Several years ago I joined a group of fellow Hanley Wood editors for a visit to Monticello, Thomas Jefferson's home in Charlottesville, Va. In the course of their work, many HW editors have developed a pronounced bias toward frame lumber construction. I learned this fact as I listened to their impressions of Jefferson's design, layout, and attention to detail of the carpentry work. Few of them spoke about the magnificence of this famous brick structure.

If I had only known then what I know now, I could have softened some of their opinions about masonry. By his own admission, Thomas Jefferson was America's first masonry promoter. And this famous structure, self-designed to his exacting specifications, was meant to be an example of what homes should be – stable, durable, and energy efficient.

My source of this new found knowledge was a great book I enjoyed last month, Jefferson and Monticello, the Biography of a Builder, written by Jack McLaughlin. “We are what we build,” writes McLaughlin as he explains why he used Jefferson's seemingly endless effort to cast Monticello as his legacy and a way to explain our third president's role in history. And the foundation of this legacy was brick.

The biographer noted that Jefferson thought wood structures lacked durability. In fact, Jefferson once wrote to an influential government friend that a new structure built with brick and/or stone “is an actual and permanent acquisition to the state, adding to its value as well as to its ornament.”

Thus Jefferson's use of masonry at Monticello confirmed his advocacy. The structure's impressive foundation and exterior walls are brick. Even the structure's famous Doric columns are made of specially molded curve brick, with stucco to give the appearance of stone.

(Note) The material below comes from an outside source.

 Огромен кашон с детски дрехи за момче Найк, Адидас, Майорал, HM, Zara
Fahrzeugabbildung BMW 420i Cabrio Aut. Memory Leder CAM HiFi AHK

Like Jefferson, millions of owners have selected masonry to create their legacies of tradition and sustainability. And unless we make a concerted effort to improve our overall approach to repair and maintenance procedures, the masonry industry is about to suffer from its own success.

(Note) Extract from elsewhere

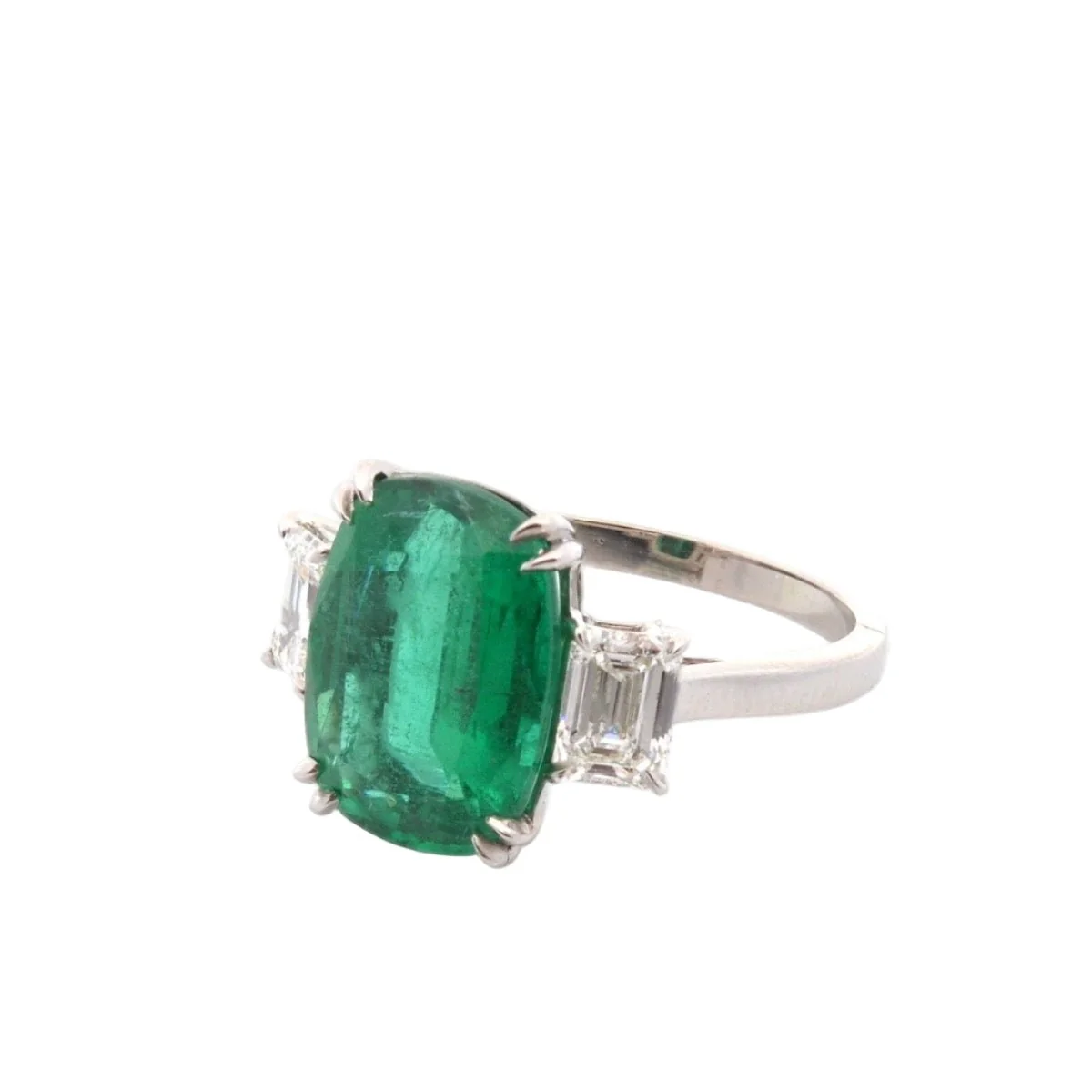 Bague Entourage en platine, émeraude et diamants - Image 2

In this issue we discuss a serious problem faced by our industry. After convincing the public of our assemblages' performance values, we find ourselves dealing with their misconception that masonry requires little or no maintenance. And when maintenance finally is found to be necessary, building owners believe the task can be handled by non-industry contractors.

Where does a non-industry person go to search for qualified answers to masonry problems? Our industry has a real problem. I know of no real unified voice speaking on masonry's repair and maintenance.